I also have a personal definition of impulse buying. Rarely is the thing I’m impulse buying not well thought through. Typically I find the product online and obsess about it. I save it to wish lists, and do daily procrastination check-ins on price and availability… or just to look at it. I’ll ponder on it for a month, or more. Obsess, obsess, ponder, and reject. Then one day – boom, buy. So my impulse buying is more obsessive-stalkerish than My Garmin Fenix is a perfect example of that – I’d been desperately wanting one for 8 months, thinking about it, looking at it online, searching for the best price, and then telling myself it’s an outrageous outlay. Then one day (okay, my birthday, the most dangerous of treat yo’self events), I just decided I was going to buy it. No saving or planning, or sacrificing other things. I just found it for a slightly better price than normal, added it to my basket and pressed ‘buy’. My Amex was debited $660, and I had an absolutely beautiful watch in my hand a few days later. (I don’t regret the purchase at all, but more on that in another post).

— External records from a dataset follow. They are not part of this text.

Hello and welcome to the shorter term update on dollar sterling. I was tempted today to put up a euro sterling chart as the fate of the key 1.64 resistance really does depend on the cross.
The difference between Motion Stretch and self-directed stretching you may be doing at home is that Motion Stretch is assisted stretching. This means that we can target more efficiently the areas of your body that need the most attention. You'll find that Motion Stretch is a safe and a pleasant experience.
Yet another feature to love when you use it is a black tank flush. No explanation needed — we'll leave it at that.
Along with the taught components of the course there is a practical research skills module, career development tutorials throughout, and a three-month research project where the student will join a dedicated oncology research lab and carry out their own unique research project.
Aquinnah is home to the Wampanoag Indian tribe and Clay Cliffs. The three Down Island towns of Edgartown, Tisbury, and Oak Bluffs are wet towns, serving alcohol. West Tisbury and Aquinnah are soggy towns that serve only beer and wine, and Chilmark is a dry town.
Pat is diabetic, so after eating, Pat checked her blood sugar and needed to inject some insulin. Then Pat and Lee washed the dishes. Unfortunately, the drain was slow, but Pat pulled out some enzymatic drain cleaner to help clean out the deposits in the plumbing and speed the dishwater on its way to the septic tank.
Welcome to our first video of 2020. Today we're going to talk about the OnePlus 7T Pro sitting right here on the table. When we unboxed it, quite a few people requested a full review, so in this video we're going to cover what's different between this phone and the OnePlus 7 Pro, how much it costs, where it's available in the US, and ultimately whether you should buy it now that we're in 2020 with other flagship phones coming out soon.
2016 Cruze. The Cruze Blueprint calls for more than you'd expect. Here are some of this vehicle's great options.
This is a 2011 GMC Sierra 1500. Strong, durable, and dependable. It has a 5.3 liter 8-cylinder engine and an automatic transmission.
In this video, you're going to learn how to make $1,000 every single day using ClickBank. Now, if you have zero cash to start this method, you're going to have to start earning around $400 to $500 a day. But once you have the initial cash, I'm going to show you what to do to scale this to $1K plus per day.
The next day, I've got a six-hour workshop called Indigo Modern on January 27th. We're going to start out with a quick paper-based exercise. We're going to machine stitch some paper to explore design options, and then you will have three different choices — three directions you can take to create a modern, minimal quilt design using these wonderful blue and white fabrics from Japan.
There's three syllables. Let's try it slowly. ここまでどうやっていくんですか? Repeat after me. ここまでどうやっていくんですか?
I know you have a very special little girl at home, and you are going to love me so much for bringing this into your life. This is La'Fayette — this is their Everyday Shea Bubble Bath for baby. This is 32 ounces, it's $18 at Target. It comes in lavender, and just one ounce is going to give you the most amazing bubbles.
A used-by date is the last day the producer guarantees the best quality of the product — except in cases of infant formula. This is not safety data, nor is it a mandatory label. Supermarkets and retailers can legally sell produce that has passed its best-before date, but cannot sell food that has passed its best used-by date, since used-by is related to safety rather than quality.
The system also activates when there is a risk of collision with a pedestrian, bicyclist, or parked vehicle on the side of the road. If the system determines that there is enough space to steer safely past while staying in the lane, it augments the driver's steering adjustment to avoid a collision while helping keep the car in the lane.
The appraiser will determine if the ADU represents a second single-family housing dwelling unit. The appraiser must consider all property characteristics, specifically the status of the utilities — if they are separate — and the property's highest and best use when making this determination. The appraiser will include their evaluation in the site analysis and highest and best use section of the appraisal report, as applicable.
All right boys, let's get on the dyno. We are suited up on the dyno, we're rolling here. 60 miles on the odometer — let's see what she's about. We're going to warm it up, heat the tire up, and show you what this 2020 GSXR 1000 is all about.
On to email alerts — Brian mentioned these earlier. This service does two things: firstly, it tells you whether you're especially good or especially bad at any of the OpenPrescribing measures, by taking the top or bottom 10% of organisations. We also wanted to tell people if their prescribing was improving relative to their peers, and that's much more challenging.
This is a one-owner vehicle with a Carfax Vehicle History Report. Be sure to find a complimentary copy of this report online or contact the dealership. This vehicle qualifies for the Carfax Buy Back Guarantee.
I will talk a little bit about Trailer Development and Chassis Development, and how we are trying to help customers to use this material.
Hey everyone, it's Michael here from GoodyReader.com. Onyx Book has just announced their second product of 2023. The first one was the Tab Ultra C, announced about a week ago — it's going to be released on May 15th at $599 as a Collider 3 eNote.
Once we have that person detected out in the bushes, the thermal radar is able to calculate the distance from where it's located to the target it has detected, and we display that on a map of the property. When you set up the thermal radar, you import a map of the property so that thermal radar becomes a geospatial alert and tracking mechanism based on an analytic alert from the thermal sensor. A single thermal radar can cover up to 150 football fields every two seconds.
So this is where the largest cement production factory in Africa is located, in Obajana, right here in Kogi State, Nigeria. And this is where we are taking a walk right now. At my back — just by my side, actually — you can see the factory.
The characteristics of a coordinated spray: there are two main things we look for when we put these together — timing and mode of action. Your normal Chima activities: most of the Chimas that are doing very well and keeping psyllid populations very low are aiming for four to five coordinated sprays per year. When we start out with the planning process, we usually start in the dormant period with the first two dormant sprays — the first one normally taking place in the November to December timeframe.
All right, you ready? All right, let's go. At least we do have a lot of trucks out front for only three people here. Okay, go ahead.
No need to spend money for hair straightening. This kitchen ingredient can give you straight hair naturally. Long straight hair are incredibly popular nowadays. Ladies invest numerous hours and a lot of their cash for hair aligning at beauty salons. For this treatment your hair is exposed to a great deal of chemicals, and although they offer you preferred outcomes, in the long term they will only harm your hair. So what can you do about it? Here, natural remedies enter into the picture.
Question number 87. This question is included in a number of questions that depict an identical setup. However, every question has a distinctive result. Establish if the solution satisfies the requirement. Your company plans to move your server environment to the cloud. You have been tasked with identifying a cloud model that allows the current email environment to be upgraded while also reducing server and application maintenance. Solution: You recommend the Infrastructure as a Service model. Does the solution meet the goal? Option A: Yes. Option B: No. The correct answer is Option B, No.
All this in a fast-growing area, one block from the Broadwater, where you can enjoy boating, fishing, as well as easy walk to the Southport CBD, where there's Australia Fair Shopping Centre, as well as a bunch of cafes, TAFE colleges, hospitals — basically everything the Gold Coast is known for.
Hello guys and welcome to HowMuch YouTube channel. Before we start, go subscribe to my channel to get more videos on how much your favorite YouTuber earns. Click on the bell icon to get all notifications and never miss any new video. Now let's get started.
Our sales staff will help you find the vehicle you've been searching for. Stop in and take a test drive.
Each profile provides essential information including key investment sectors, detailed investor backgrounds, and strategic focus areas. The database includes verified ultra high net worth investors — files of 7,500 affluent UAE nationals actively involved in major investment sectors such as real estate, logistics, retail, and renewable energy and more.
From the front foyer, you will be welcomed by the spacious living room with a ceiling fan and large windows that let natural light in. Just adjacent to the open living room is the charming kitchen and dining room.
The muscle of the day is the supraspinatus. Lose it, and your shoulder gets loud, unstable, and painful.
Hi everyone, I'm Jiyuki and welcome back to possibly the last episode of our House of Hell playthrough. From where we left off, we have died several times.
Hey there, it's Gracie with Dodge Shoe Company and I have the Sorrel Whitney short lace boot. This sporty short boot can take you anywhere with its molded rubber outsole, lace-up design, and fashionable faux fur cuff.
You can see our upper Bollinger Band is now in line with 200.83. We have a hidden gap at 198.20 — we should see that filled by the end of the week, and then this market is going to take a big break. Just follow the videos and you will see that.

Trying to recover $660 from my budget by not buying a $4 coffee or bringing my lunch to work is just impossible. So is the amount I outlayed on participating in a handmade market this past weekend. Or the amount I want to spend on two absolutely beautiful work blouses I found online to replace my very gross ones. Or the amount I need to spend as a bridesmaid in my friend’s upcoming wedding. Or the entry fees to upcoming triathlons I want to participate in. Or the new desk stationery I want to purchase. These are inevitable impulse purchases for me, but ones I know that my day to day behaviour can’t accommodate for.
And that is why I could be a personal finance blogger. I sweat the small stuff, and am wilfully blind to the big. I’m a living and breathing embodiment of the penny-wise pound-foolish philosophy. I battle with the competing desires of embracing a life of less expenses, particularly expenses wasted on things I know I don’t want, and spending on my (very wide) array of hobbies – crochet, running my etsy store, triathlons, fitness/activewear, stunning stationery, and generally keeping up with the latest activity trends.
I’m feeling very reflective on this topic, and I think it’s something that’s worth exploring further. I’m back on board with tracking my fritter expenses, which will provide a great insight into what’s going on and what my triggers are. I’m very confident it’s hobbies, but we’ll see how true that is!